The matter at issue here does not involve subheadings
9802.00.40 or 9802.00.50, and thus the definition in section
181.63(a) is not controlling here. Nevertheless, we believe that
the above definition is instructive. The work performed in this
case would not fall within the definition of "repairs or
alterations" in 19 CFR 181.64(a).
In U.S. v. Oakville Company, 402 F. 2d 1016, 56 CCPA 1,8,
C.A.D. 943 (1968), a case which involved Paragraph 1615, Tariff
Act of 1930, as amended by the Customs Administrative Act of
1938, T.D. 49646, and as further amended by the Customs
Simplification Act of 1954, T.D. 53599, with respect to articles
exported for repairs or alterations, the court stated, in
pertinent part:
In our view, paragraph 1615(g)(1) does not apply because the
paper tape was not exported "for repairs or alterations."

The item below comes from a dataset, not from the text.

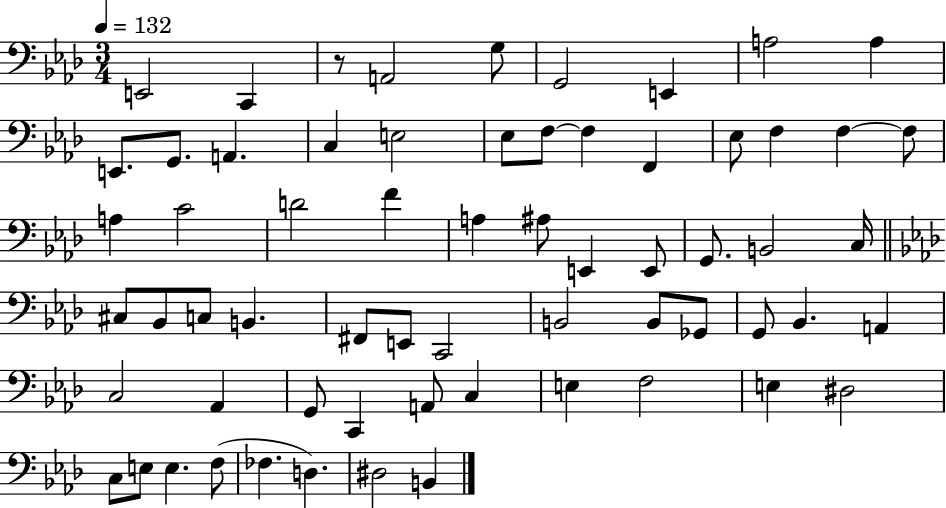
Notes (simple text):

E2/h C2/q R/e A2/h G3/e G2/h E2/q A3/h A3/q E2/e. G2/e. A2/q. C3/q E3/h Eb3/e F3/e F3/q F2/q Eb3/e F3/q F3/q F3/e A3/q C4/h D4/h F4/q A3/q A#3/e E2/q E2/e G2/e. B2/h C3/s C#3/e Bb2/e C3/e B2/q. F#2/e E2/e C2/h B2/h B2/e Gb2/e G2/e Bb2/q. A2/q C3/h Ab2/q G2/e C2/q A2/e C3/q E3/q F3/h E3/q D#3/h C3/e E3/e E3/q. F3/e FES3/q. D3/q. D#3/h B2/q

Like the pins, the paper tape was sent to Canada to become a
component or element of pins-in-rolls, a new commercial
entity manufactured in Canada by De Long Hook & Eye Company.

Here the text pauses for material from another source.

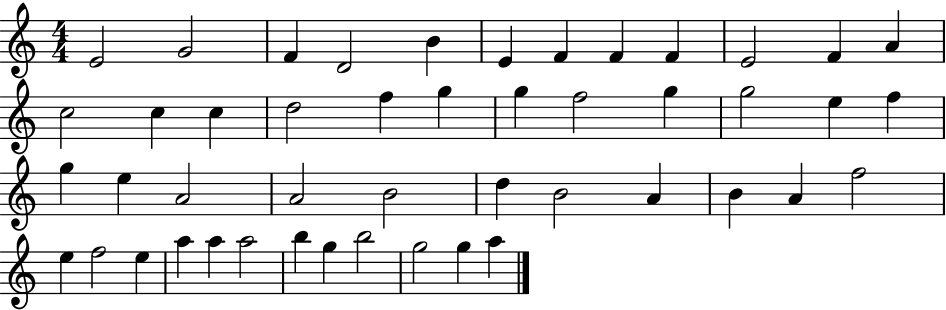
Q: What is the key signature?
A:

The tape was clearly not "repaired" and we do not think it
was exported "for" alterations, notwithstanding it was
somewhat altered in having the pins stuck into ribs formed
in it. Paragraph 1615(g)(1) refers to an "article" which is
exported, that same "article" being returned after being
repaired or after having had alterations made in it and then
further makes reference to "the article itself in its
repaired or altered condition." We think that this
contemplates that the article returned is still recognizable
as an article in the same category as the article exported
and does not contemplate such a situation as that here where
the paper tape - the "article" exported - comes back as a
mere component of an entirely different article, namely,
pins-in-rolls. The pins-in-rolls is an article consisting
of several components: a wood core, two cardboard discs held
thereto by staples to for a spool, a formed paper ribbon
made from the exported tape into which pins have been
inserted at regular intervals, the pin-carrying ribbon being
wound on the spool. This is a far cry from the exported
tape. It is in no sense the article exported. (emphasis in
original.)
In Guardian Industries Corporation v. U.S., 3 C.I.T. 9, 14
(1982), which involved item 806.20, Tariff Schedules of the
United States, the predecessor to subheading 9802.00.50, HTSUS,
the court stated, in pertinent part:
Beyond these considerations, it is to be noted that for
tariff purposes a process which converts one article into a
new article is not an "alteration." A.F. Burstrom v. United
States, 44 CCPA 27, C.A.D. 631 (1957); C.J. Tower & Sons of
Niagara, Inc. v. United States, 45 Cust. Ct. 111, C.D. 2208
(1960). In Burstrom, steel ingots were exported into Canada
and ramparted after having been converted into steel slabs.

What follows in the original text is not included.